Твой голос спокоен, как и ты сам. Я никогда не видела, чтобы что-то могло вывести тебя из этого холодного, ледяного состояния. Ты чем-то напоминаешь мне этот дождь. Он такой же непреклонно холодный, в нем нет ничего – ничего, что я могла бы увидеть, почувствовать. Ничего.
Тебе неважно, отвечу я или нет – ты что-то выискиваешь в своих бумагах, изредка оставляя следы чернил тонким пером на полях. Но я всегда отвечаю. Мой голос слышен словно со стороны, но я чувствую свои эти слова, предложения, фразы – я понимаю, что живу, существую. Иногда это главное доказательство того, что неумолимое время продолжает меня щадить.
- Звезда упала, - произношу едва слышно, все еще во власти той сиюминутной золотистой вспышки, прочертившей багровые рыдающие небеса. Но тебе не понять моего детского восторга, поэтому поясняю. – Говорят, если загадать желание до того, как звезда скроется за краем неба, то оно непременно сбудется.
Пару мгновений я слышу шорох твоего пера по пергаменту, а потом вновь тот насквозь промерзший шепот:
- Смехотворно. Вам, людям, свойственно забивать себе голову всякими глупостями. – И еще через секунду. – Каким было твое желание?
Мой взгляд вновь бродит по выточенной оконной раме, узорчатым решеткам, идеально прозрачному стеклу – даже несмотря на дождь за окном кажется, что стекла не существует вовсе. Но снова и снова мои пальцы натыкаются на холодную гладкую поверхность. Спасибо. Те часы и минуты, что ты мне даруешь, снисходительно позволяя находиться рядом с тобой, я провожу свободной от оков. Впрочем, «рядом» - не слишком подходящее слово. Между мной и тобой – пропасть. Ничего. Абсолютное в своем совершенстве Ничего. Даже через тысячу лет я не пойму тебя, что уж тогда говорить о часах и минутах. Может, ты и был прав. Глупо все это.
- Я хочу, чтобы война закончилась и все стало, как прежде. Тогда ни одна звезда больше не покинет небосклона – не будет смысла загадывать желания, ведь все хорошо. И тогда от тех бесконечных звезд ночь будет так же светла, как и день.
Наверное, ты в какой-то миг перестал писать, ибо залу поглотила тишина – не гнетущая, как обычно бывает в таких случаях отъявленного непонимания, но желанная и светлая.
- Ты скоро умрешь, - без тени сожаления говоришь ты известный факт, а твое перо вновь несется по пергаменту, заполняя его бесчисленными расчетами. – Почему ты не пожелала избежать смерти, «потратив» свою звезду на такое бессмысленное желание?
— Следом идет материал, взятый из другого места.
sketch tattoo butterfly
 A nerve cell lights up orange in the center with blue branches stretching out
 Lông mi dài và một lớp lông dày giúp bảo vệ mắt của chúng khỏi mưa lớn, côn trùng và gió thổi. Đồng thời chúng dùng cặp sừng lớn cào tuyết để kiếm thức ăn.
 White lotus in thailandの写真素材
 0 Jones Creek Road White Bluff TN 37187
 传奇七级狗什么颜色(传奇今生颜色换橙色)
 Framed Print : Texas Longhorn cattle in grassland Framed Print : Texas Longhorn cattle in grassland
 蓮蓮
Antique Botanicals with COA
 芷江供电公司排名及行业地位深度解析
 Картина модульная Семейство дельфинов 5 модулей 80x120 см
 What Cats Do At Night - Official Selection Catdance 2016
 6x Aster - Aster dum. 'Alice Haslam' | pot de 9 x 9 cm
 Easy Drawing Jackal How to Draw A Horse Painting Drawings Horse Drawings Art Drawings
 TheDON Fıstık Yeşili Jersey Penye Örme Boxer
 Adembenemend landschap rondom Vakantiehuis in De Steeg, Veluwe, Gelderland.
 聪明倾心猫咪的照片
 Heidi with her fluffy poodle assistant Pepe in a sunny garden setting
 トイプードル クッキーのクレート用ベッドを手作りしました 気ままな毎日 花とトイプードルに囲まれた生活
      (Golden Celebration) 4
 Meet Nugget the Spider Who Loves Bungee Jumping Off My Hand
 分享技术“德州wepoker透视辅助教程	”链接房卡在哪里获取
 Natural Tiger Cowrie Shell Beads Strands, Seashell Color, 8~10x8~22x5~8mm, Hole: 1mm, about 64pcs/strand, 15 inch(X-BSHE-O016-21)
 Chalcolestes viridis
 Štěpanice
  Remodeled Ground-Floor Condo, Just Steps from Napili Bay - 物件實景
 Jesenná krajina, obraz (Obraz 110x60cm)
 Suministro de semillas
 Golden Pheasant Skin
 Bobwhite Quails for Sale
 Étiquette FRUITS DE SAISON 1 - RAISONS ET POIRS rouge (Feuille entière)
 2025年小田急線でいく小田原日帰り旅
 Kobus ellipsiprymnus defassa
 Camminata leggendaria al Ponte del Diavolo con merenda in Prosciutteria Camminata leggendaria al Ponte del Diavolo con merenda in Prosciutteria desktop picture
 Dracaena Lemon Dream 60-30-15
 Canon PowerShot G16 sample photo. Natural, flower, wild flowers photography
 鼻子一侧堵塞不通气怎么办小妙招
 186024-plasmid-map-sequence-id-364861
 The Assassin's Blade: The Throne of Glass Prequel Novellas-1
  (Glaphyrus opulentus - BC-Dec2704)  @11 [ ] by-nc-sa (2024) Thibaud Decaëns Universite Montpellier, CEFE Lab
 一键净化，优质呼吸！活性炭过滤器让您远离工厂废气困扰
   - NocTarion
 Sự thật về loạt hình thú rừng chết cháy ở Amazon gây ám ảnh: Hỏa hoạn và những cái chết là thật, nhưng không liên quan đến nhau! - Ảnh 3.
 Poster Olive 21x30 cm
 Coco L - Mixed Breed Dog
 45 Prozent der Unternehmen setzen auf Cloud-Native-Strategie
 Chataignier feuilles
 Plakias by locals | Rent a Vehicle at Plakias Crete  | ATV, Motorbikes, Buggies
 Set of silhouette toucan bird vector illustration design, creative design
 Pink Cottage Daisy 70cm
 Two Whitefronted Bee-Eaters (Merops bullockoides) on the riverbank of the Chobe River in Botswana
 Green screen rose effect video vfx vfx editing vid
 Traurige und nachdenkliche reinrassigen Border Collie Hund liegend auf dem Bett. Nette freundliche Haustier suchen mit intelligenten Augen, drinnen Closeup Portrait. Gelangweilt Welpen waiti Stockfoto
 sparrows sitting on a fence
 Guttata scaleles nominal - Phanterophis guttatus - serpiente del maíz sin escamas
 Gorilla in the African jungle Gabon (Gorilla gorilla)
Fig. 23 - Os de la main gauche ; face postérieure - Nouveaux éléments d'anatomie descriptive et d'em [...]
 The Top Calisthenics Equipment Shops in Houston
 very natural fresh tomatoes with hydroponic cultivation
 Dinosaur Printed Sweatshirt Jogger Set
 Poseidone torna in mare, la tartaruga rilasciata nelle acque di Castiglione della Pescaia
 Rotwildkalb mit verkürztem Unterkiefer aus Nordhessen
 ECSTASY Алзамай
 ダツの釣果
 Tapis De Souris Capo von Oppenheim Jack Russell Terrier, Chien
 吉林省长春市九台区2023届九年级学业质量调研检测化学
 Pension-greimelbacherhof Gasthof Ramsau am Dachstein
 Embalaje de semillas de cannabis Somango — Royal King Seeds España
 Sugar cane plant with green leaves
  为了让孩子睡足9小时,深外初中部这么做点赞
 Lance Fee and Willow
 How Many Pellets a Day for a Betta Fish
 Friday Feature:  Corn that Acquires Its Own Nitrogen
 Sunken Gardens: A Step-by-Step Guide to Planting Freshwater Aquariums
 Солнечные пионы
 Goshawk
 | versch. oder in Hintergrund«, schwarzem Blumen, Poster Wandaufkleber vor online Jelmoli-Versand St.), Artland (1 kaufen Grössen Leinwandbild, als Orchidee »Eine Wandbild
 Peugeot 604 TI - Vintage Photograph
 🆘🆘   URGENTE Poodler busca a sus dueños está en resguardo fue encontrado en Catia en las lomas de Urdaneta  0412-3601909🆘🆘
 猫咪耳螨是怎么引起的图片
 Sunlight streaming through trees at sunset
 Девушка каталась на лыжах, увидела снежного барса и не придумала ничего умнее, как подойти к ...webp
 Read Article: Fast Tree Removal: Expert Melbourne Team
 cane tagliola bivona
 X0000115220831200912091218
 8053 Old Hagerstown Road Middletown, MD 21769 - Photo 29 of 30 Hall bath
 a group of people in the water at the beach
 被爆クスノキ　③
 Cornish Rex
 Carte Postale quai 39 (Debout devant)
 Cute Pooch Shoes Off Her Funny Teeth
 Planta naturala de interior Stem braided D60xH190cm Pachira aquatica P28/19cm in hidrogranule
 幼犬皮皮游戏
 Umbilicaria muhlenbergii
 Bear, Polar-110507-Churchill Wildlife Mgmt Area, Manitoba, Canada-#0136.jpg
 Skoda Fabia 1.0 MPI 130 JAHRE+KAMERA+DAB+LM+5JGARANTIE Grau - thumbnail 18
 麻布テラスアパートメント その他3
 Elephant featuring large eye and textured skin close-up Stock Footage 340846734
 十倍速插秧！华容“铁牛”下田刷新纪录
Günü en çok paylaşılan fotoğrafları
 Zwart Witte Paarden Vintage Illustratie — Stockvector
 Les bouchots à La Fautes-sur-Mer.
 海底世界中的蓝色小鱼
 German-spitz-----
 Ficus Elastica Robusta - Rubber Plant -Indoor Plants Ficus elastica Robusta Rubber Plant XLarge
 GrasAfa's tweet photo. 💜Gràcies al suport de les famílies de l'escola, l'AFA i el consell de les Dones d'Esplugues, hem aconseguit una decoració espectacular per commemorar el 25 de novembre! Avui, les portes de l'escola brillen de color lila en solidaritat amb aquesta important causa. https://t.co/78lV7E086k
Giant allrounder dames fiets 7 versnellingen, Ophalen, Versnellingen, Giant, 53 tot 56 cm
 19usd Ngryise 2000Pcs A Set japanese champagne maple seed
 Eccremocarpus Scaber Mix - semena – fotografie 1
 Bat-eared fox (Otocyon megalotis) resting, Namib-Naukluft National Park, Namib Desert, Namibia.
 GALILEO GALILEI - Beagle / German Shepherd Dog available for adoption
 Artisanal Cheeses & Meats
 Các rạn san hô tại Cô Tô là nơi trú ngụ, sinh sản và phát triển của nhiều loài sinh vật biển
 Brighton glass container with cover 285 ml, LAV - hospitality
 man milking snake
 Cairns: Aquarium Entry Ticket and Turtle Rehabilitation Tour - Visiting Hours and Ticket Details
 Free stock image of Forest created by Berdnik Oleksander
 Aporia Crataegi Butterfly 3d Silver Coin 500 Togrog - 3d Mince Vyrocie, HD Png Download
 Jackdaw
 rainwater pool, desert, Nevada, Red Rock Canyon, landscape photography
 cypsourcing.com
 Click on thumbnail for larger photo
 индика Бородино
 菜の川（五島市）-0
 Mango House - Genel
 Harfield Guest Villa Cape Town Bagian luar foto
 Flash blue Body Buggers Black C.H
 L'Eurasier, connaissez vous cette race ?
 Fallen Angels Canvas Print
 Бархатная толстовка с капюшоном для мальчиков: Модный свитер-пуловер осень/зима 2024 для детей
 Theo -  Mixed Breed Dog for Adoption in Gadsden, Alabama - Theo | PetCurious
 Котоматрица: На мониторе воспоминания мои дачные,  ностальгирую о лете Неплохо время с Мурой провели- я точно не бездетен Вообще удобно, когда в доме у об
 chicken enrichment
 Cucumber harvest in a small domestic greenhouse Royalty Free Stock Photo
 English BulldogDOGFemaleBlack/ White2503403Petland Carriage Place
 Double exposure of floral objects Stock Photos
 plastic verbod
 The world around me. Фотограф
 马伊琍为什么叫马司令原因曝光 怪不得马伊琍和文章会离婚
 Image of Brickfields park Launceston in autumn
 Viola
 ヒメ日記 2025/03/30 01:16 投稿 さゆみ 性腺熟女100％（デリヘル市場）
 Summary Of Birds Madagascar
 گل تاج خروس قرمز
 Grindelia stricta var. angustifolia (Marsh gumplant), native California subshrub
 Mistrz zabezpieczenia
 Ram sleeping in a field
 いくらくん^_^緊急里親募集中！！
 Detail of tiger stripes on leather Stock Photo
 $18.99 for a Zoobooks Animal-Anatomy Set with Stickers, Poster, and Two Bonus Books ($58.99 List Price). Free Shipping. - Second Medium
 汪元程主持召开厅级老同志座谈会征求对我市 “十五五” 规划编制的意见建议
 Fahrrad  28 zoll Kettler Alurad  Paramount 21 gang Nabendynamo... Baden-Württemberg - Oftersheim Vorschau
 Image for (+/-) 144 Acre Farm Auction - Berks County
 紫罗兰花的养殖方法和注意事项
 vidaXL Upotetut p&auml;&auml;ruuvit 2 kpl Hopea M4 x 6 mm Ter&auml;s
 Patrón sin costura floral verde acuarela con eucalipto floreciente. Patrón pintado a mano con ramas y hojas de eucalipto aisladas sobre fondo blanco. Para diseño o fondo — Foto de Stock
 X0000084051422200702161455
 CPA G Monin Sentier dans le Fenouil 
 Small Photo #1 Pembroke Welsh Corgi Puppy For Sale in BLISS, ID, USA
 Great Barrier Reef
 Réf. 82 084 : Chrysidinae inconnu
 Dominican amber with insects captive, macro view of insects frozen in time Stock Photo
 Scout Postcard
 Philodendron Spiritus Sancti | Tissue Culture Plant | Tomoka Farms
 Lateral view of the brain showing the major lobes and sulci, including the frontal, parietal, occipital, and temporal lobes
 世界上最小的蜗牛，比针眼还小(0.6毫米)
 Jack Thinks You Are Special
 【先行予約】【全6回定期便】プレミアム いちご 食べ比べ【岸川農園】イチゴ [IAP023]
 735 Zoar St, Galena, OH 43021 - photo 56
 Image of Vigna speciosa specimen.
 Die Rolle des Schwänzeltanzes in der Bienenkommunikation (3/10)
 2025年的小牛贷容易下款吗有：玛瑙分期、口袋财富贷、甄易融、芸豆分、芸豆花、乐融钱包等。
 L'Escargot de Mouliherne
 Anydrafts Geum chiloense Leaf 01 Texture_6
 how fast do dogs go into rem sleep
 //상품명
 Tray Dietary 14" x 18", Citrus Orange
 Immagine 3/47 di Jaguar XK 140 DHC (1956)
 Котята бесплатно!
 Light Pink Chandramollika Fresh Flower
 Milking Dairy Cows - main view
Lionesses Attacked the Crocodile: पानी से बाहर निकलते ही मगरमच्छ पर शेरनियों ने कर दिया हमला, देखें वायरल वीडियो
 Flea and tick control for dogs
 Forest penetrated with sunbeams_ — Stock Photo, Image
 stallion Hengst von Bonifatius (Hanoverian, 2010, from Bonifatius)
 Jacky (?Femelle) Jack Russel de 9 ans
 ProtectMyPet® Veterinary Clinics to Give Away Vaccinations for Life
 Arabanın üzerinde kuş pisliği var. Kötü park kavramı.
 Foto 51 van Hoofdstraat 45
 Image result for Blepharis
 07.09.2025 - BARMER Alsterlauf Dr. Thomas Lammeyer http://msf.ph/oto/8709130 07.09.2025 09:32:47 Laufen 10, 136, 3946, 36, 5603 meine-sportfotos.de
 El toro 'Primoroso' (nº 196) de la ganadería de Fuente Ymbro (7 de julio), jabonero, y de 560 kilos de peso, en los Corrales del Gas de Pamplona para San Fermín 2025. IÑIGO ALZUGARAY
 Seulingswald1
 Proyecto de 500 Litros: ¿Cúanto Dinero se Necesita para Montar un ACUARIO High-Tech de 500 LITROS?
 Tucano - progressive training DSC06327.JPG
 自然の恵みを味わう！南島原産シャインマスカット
- Потому что моя смерть неизбежна, - я соскальзываю с подоконника и вступаю в круг света, пролившегося лунными лучами на паркет. – Но я сама, по собственной воле приношу себя в жертву, войны же не желал никто. Пока люди не пресытились, пока война не погребла под собою слишком много жизней, еще есть шанс остановить ее. Пускай, это слишком глупо, пускай бесполезно, я снова и снова буду загадывать это желание, зная, что рано или поздно оно сбудется. А оно обязательно сбудется – отныне нет для меня иной веры.
Как и во всех низкосортных фильмах, дождь стих так же быстро, как и начался. За окном до сих пор темно, а я продолжаю тщетно вглядываться в багровые небеса. Может, и не было никакой звезды вовсе, и все вокруг – лишь игра моего воображения, вновь пробужденного ядовитым воздухом близлежащих подземелий. Сейчас мне кажется, что этот момент тянется вечность – ты всегда так сидел и расписывал какие-то сложные формулы на сухом чуть шершавом пергаменте, а я, уткнувшись глазами в небо, мечтала о непостижимом. Кажется, что этот момент будет всегда, и не было ничего другого – ни клетки, ни решетки на маленьком оконце. Только ты, я и багровое небо, в котором давно растаял гигантский след от такой далекой звезды.
Но ты милосерден. Выслушав, ты так и не сказал мне – ты никогда не скажешь мне, что та мимолетная вспышка ни что иное, как хвост далекой молнии. Потому что в этом мире не бывает звездопадов. Потому что эти мертвые небеса никогда не породят звезды. Потому что все желания давным-давно закончились.